Most of the big hedge fund managers know each other, talk to each other and share the same lawyer. The Hong Kong authorities are convinced that four or five of them colluded in a recent attempt to smash the Hong Kong currency peg.

This is not the first allegation of collusion. The US Department of Justice and the Securities and Exchange Commission accused Steinhardt Management and Caxton Corporation of involvement in the same market rigging scandal that forced John Meriwether out of Salomon. The two hedge funds paid $70m in fines without admitting wrongdoing.

In the close-knit global financial community herding comes naturally. As one Wall Streeter puts it, "there is hardly a hedge fund this week that is not short of the Australian dollar - collusion isn't necessary". A commodity producer facing an election is a sitting duck for the hedge funds.
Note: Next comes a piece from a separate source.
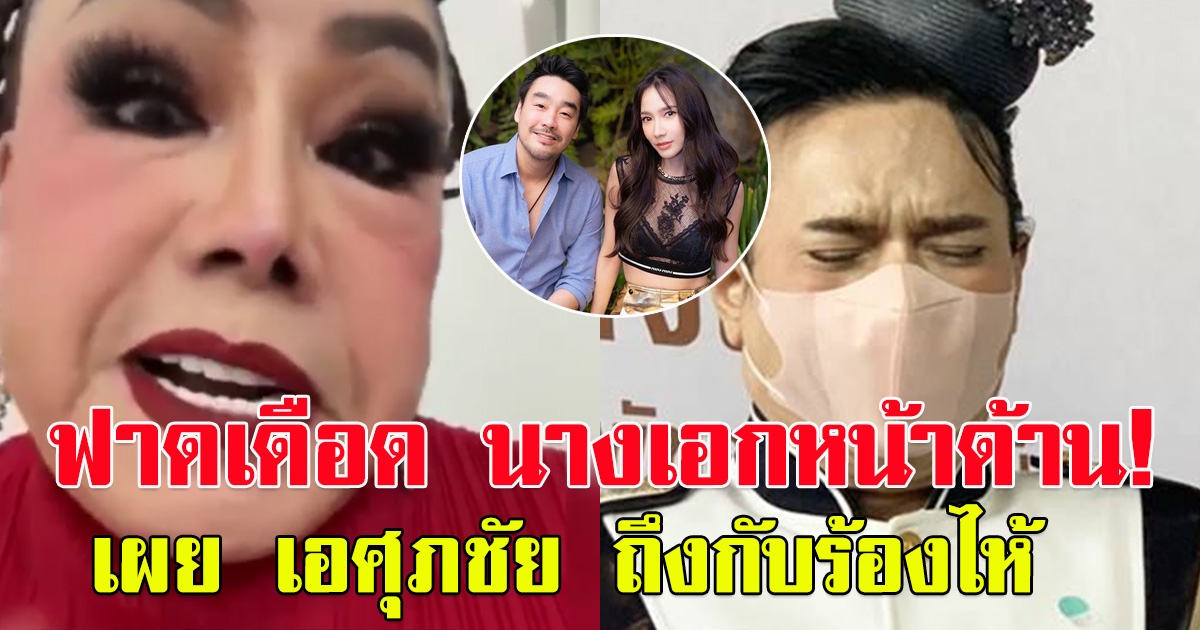 ลีน่าจัง เดือด นางเอกดัง เป็นมือที่ 3 ทำ อั้มพัชราภา ไฮโซพก เลิกกัน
They even have a uniquely paradoxical private language. Their "market neutral" positions, for example, refer to trading strategies that can bankrupt them. "Long term" capital means a slender wedge of short term capital leveraged to an unlimited degree. And, of course, there is that brilliantly propagandist misnomer: "hedge" fund.

By way of assistance the investment bankers act as free publicists for them. A prime example was the report earlier this year from Goldman Sachs which asserted that hedge funds were safer than other forms of collective investment - a cheery prognosis that now commands as much respect as Goldman's perennially bullish stock market forecasts.

The propaganda also emphasises differences between hedge funds. Yet they are notably similar in offering minimal disclosure to investors and regulators. Most are leveraged; and when they outperform, the high return often owes more to leverage than investment judgement. Despite claims to the contrary, many usually turn out to have taken wildly risky punts when markets move against them.

The hedge funds do incorporate some genuinely novel features: the phenomenon of the ineffectual Nobel laureate on the board is unprecedented in high finance. Yet the academics who lent lustre to the LTCM board were merely a modern incarnation of the aristocrats who until recently lent a veneer of respectability to shaky British boards. Brilliance in mathematical modelling is no better qualification for the board, it seems, than brain-dead lineage.

As for the banks, they have been behaving no differently with the hedge funds than in other speculative ventures. The collapse of the Reichmann brothers' property empire provides a parallel. The Reichmanns were able to raise money from the banks for specific projects without ever showing a group balance sheet. It is the old story of lending on collateral without understanding the underlying business.

If there is something genuinely unusual in the present crisis, it is that the doyen of the hedge fund managers, George Soros himself, is arguing for draconian re-regulation. In effect, his message is: "Stop me before I kill again." As one seasoned analyst remarks, while Mr Soros worries upstairs about the world, his manager Stanley Druckenmiller asks all comers below, "what should I be shorting today?" Do the policymakers in Washington have the will to rise to Mr Soros's challenge?